New labeled samples from step 6 are used to retrain the model. ClaimHunter follows a supervised learning approach. Supervised machine learning requires annotated datasets for the objective task but human labeling is expensive and slow. Journalism expertise is needed to create a good quality dataset. Besides, claim detection is a highly unbalanced classification problem where not checkworthy claims (negative class) are by far more common than check-worthy ones (positive class). Our empirical estimate shows that only 10-15% of our Twitter feed were check-worthy tweets. Our initial model was built on a dataset of 5.000 tweets manually annotated by 3 fact-checkers independently. Only tweets considered check-worthy by at least 2 fact-checkers were labeled as check-worthy. We followed an iterative approach launching new model releases when new data was available through the feedback loop integrated in the system. After 6 months of ClaimHunter running at Newtral, our dataset has increased from 5K to more than 30K tweets.

Beside positive tweets, ClaimHunter sends to Slack a small random fraction of the negative predictions that is also reviewed by fact-checkers. This prevents from biasing the dataset by adding only tweets originally predicted as positive. Only a fraction is sent because negative tweets are the majority class, so we are progressively undersampling it by making the check-worthy tweets more representative for training. The negative fraction is a predefined parameter set to 30%. Fact-checkers' selection of which claim to review and which to ignore can be biased to their interest, expertise, workload and other contextual factors. To minimize this issue, journalists were asked to label claims based on their factuality and not their journalistic relevance. • • 3.2

Automated ClaimDetection in the newsroom

Developed as a Slack app, ClaimHunter monitors Twitter accounts and sends alerts to a private channel (#tweets by default) when a new tweet is classified as check-worthy. Newtral’s factcheckers review its content and give feedback on its checkworthiness as part of their daily workflow. The UI offers three options: •

Rejected: Prediction was wrong. The selected tweet does not contain any claim.

Reviewed: Prediction was right.
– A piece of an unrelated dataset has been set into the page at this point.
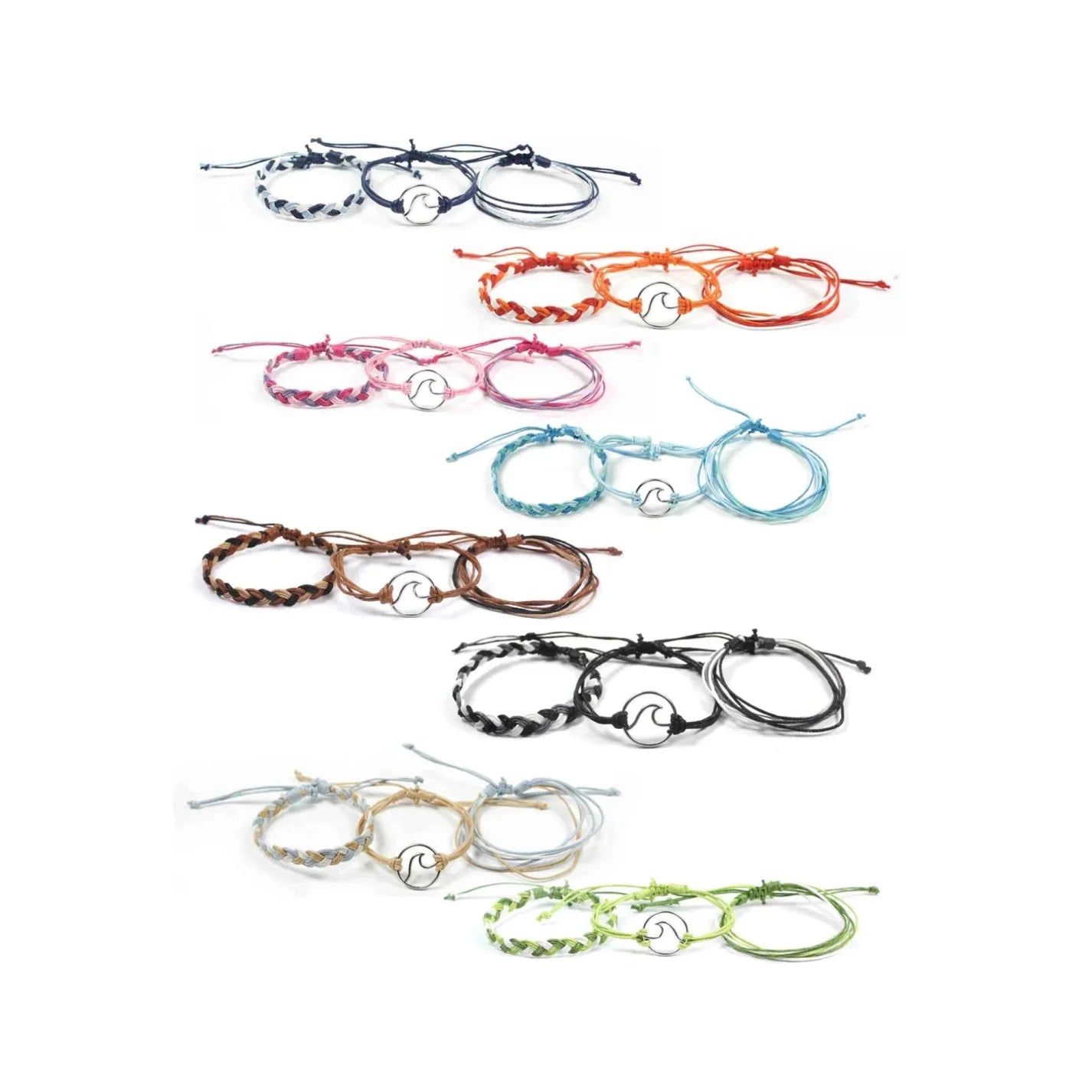 Bamboo Trading Co Save Our Oceans Bracelets ASSORTED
The selected tweet contains a claim but there is no interest in publishing a fact-check on it.

Selected: Prediction was right. The selected tweet contains a claim and the fact-checker proposes it to publish a fact-check.

The category “Reviewed” allows to include a bigger number of check-worthy claims to the training dataset, independently of their potential for publication.

When a fact-checker checks one tweet as “Selected”, a copy of the tweet is automatically sent to a new channel (#fact-check by default). The head of the fact-checking unit reviews content in this channel and make a final decision on which content is promoted to a fact-check story. Rejected and reviewed tweets are removed from the Slack feed. 4

Claim Detection experiments

ClaimHunter tackles the claim detection problem as a binary classification problem with a high unbalance on the positive class. However, this issue can be attenuated via the feedback mechanism described above. We follow standard experimentation practices, splitting the dataset into training (80%) validation (10%) and test set (10%). The test set is used for evaluation only, being our main evaluation metric the F1 score of the positive class, which corresponds to the harmonic mean between Precision and Recall. We propose a transfer learning approach to build our claim detection classifier. We leveraged our dataset to progressively fine-tune a pre-trained XLM-RoBERTa1 [ 15 ] model for the claim identification task. This model is based on BERT and hence we follow the recommended practices for fine-tuning a BERT architecture for text classification [ 16 ]. The following hyperparameters were adjusted on the validation dataset: epochs = 2, batch_size = 32 and learning_rate = 2e-5. Adam with weight decay was used as optimizer.

Our final dataset contains 31.883 tweets by Spanish representatives and political parties, 32% of which are labeled positive. While most tweets are written in Spanish, there is a small fraction in Catalan, Galician and Basque, due to the co-existence of several co-official languages in Spain. We are not filtering these out because: 1) XLM-RoBERTa is a multilanguage model and 2) they are valuable for our use case.

To better assess the quality of our model, we compare it with two different baselines: • LR-NNLM: A logistic regression model which uses NNLM sentence embeddings2 as a feature extraction strategy [17]. • SVM-TFIDF: A SVM with linear kernel where the features are a bag-of-words model limited to the 20.000 most common unigrams and the feature values are scaled with the TF-IDF transformation.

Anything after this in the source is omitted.